= TASK =
This exercise calls for the whole listing to be given again exactly, without images.
(SUPPLIED DATA Opens)
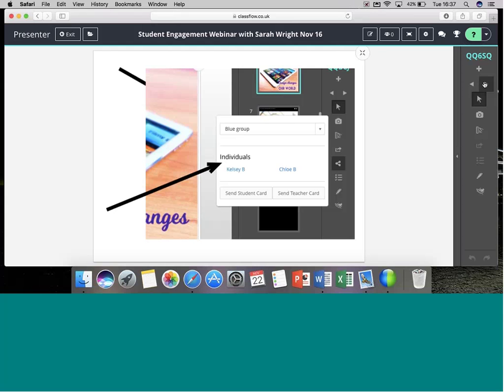Now let's look at using more ClassFlow features to personalise learning even more. Strong student engagement comes from understanding the needs of your learners and providing for them in real time — often meaning tasks on multiple levels. ClassFlow allows me to group students, meaning I can send different student cards to multiple groups or even individuals within the same lesson. Great differentiation means the right level of challenge and support, which should increase the engagement we see.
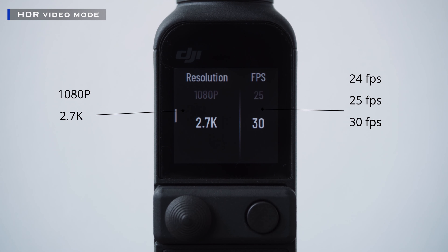Let's move to the next option, HDR video. There are two columns. On the left is resolution — 1080p and 2.7k. And on the right column, fps or frame rate per second, starting from 24, 25, and 30.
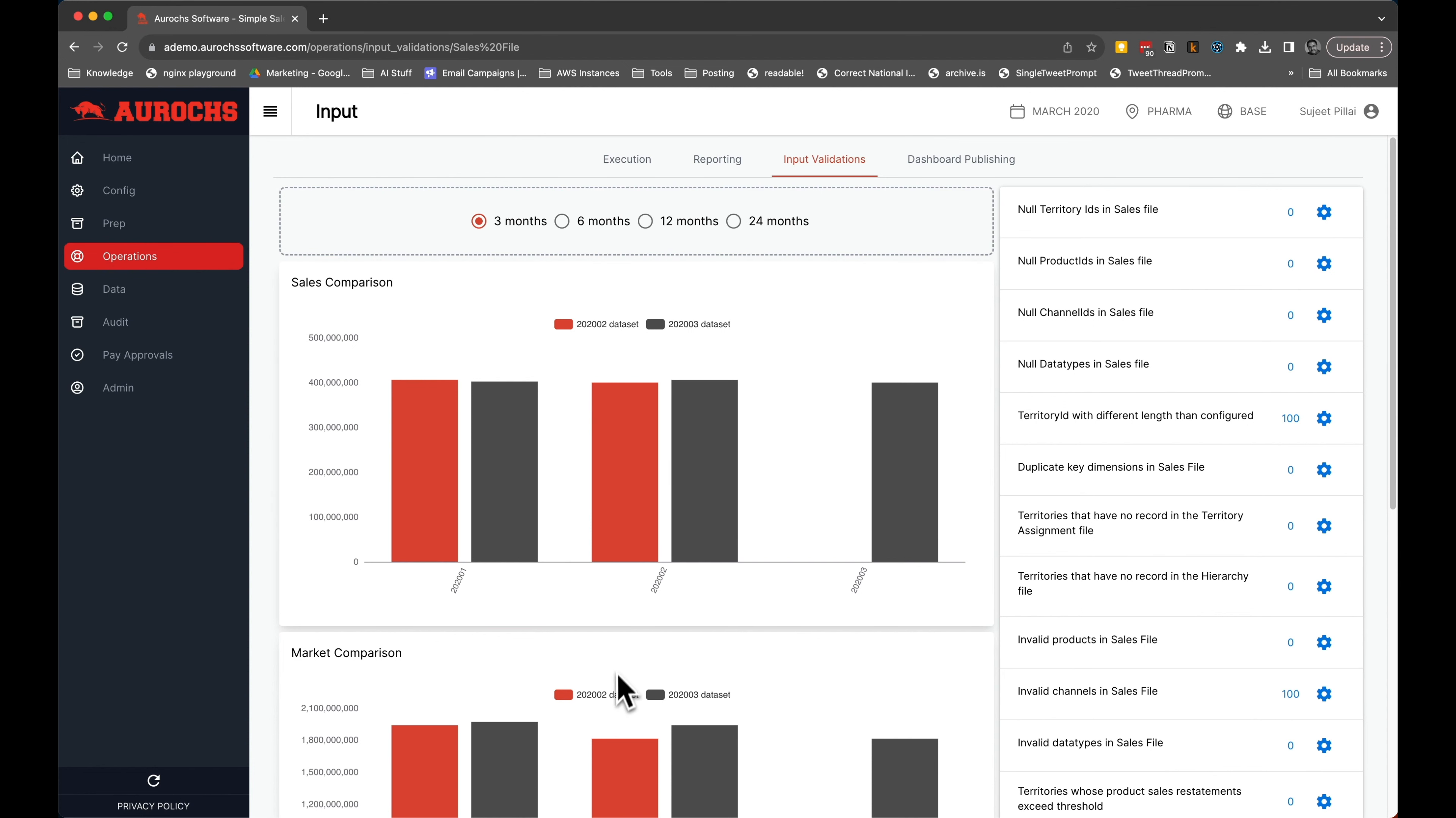Say goodbye to tedious data validation tasks, and hello to more time focusing on what truly matters.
(SUPPLIED DATA Closes)
= REPLY TO THE TASK =
Now let's look at using more ClassFlow features to personalise learning even more. Strong student engagement comes from understanding the needs of your learners and providing for them in real time — often meaning tasks on multiple levels. ClassFlow allows me to group students, meaning I can send different student cards to multiple groups or even individuals within the same lesson. Great differentiation means the right level of challenge and support, which should increase the engagement we see.
Let's move to the next option, HDR video. There are two columns. On the left is resolution — 1080p and 2.7k. And on the right column, fps or frame rate per second, starting from 24, 25, and 30.
Say goodbye to tedious data validation tasks, and hello to more time focusing on what truly matters.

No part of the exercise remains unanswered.